In [2]:
import re 
from collections import Counter
import numpy as np

In [4]:
paragraph = """
As a term, data analytics predominantly refers to an assortment of applications, from basic business 
intelligence (BI), reporting and online analytical processing (OLAP) to various forms of advanced 
analytics. In that sense, it's similar in nature to business analytics, another umbrella term for 
approaches to analyzing data -- with the difference that the latter is oriented to business uses, while 
data analytics has a broader focus. The expansive view of the term isn't universal, though: In some 
cases, people use data analytics specifically to mean advanced analytics, treating BI as a separate 
category.  Data analytics initiatives can help businesses increase revenues, improve operational 
efficiency, optimize marketing campaigns and customer service efforts, respond more quickly to 
emerging market trends and gain a competitive edge over rivals -- all with the ultimate goal of 
boosting business performance. Depending on the particular application, the data that's analyzed 
can consist of either historical records or new information that has been processed for real-time 
analytics uses. In addition, it can come from a mix of internal systems and external data sources.  At 
a high level, data analytics methodologies include exploratory data analysis (EDA), which aims to find 
patterns and relationships in data, and confirmatory data analysis (CDA), which applies statistical 
techniques to determine whether hypotheses about a data set are true or false. EDA is often 
compared to detective work, while CDA is akin to the work of a judge or jury during a court trial -- a 
distinction first drawn by statistician John W. Tukey in his 1977 book Exploratory Data Analysis.  Data 
analytics can also be separated into quantitative data analysis and qualitative data analysis. The 
former involves analysis of numerical data with quantifiable variables that can be compared or 
measured statistically. The qualitative approach is more interpretive -- it focuses on understanding 
the content of non-numerical data like text, images, audio and video, including common phrases, 
themes and points of view.
"""


In [6]:
# Clean the paragraph by removing punctuation and converting to lowercase
clean_paragraph = re.sub(r'[^\w\s]', '', paragraph.lower())

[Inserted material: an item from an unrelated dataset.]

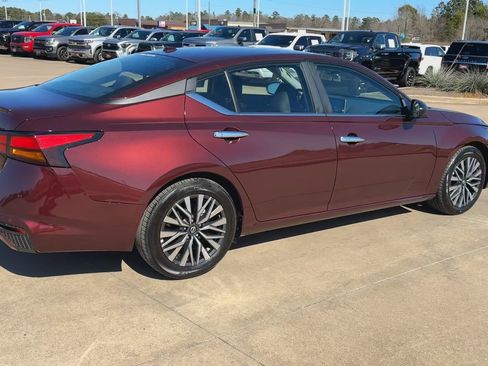 Used 2025 Nissan Altima 2.5 SV image 8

# Split the paragraph into lines
lines = clean_paragraph.split('\n')

# Calculate the probability of the word "data" occurring in each line
word_probabilities = []
for line in lines:
    words = line.split()
    word_count = len(words)
    if word_count == 0:
        continue  # Skip lines with no words
    data_count = sum(1 for word in words if word == 'data')
    probability = data_count / word_count
    word_probabilities.append(probability)

# Calculate the distribution of distinct word counts across all the lines
distinct_word_counts = [len(set(line.split())) for line in lines]
word_count_distribution = Counter(distinct_word_counts)

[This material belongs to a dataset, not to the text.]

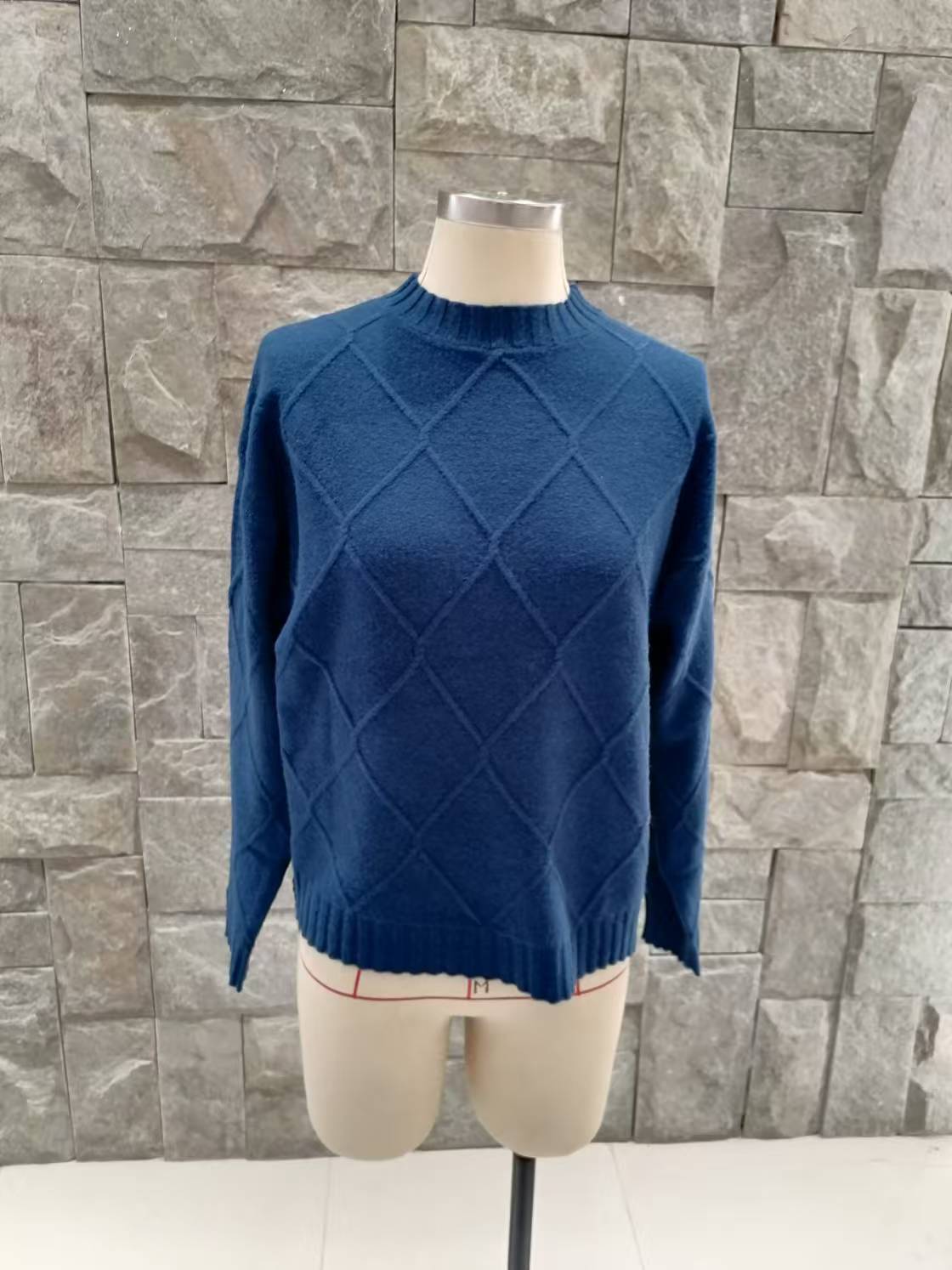 Women plaid pullover sweater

# Calculate the probability of the word "analytics" occurring after the word "data"
data_analytics_count = 0
data_count = 0
for line in lines:
    words = line.split()
    for i in range(len(words) - 1):
        if words[i] == 'data' and words[i+1] == 'analytics':
            data_analytics_count += 1
        if words[i] == 'data':
            data_count += 1
probability_analytics_after_data = data_analytics_count / data_count

# Print the results
print("Probability of the word 'data' occurring in each line:")
for i, probability in enumerate(word_probabilities):
    print(f"Line {i+1}: {probability}")

print("\nDistribution of distinct word counts across all the lines:")
for count, frequency in word_count_distribution.items():
    print(f"Distinct word count: {count}, Frequency: {frequency}")

print("\nProbability of the word 'analytics' occurring after the word 'data':")
print(probability_analytics_after_data)

Probability of the word 'data' occurring in each line:
Line 1: 0.06666666666666667
Line 2: 0.0
Line 3: 0.0
Line 4: 0.0625
Line 5: 0.058823529411764705
Line 6: 0.06666666666666667
Line 7: 0.09090909090909091
Line 8: 0.0
Line 9: 0.0
Line 10: 0.08333333333333333
Line 11: 0.0
Line 12: 0.05555555555555555
Line 13: 0.13333333333333333
Line 14: 0.15384615384615385
Line 15: 0.0625
Line 16: 0.0
Line 17: 0.125
Line 18: 0.14285714285714285
Line 19: 0.07142857142857142
Line 20: 0.0
Line 21: 0.07142857142857142
Line 22: 0.0

Distribution of distinct word counts across all the lines:
Distinct word count: 0, Frequency: 2
Distinct word count: 15, Frequency: 3
Distinct word count: 13, Frequency: 2
Distinct word count: 14, Frequency: 5
Distinct word count: 16, Frequency: 3
Distinct word count: 11, Frequency: 3
Distinct word count: 12, Frequency: 3
Distinct word count: 18, Frequency: 1
Distinct word count: 17, Frequency: 1
Distinct word count: 5, Frequency: 1

Probability of the word 'analytics' occurrin